■ ASSIGNMENT: Scan the entries below for the word "Photo". Copy each line that has it.

■ Items from a data source:
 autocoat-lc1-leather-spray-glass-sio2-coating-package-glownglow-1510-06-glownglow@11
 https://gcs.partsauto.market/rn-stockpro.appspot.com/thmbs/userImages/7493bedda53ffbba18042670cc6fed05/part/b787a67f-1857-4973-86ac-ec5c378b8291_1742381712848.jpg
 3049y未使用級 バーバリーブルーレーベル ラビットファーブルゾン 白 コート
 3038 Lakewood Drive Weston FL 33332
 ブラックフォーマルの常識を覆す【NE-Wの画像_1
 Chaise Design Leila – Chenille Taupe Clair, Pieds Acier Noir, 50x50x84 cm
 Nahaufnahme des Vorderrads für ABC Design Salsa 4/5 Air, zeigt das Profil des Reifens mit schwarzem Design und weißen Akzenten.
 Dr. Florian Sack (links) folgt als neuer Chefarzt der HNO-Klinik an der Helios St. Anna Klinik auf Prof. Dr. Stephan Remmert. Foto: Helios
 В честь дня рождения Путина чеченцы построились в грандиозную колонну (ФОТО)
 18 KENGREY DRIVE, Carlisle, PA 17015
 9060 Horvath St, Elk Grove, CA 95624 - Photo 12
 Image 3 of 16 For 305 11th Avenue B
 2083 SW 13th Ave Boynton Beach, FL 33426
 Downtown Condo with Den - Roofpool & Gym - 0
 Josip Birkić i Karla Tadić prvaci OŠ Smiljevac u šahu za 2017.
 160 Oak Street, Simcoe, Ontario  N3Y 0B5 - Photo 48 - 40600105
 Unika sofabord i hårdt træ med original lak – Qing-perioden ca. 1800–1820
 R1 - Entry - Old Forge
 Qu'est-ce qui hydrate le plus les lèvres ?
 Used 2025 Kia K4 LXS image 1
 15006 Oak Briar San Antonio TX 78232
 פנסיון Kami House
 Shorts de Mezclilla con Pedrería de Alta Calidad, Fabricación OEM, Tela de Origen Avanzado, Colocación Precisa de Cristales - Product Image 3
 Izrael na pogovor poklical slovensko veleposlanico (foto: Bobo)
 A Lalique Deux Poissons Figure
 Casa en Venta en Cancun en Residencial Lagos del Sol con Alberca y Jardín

■ COMPLETED TASK:
 9060 Horvath St, Elk Grove, CA 95624 - Photo 12
 160 Oak Street, Simcoe, Ontario  N3Y 0B5 - Photo 48 - 40600105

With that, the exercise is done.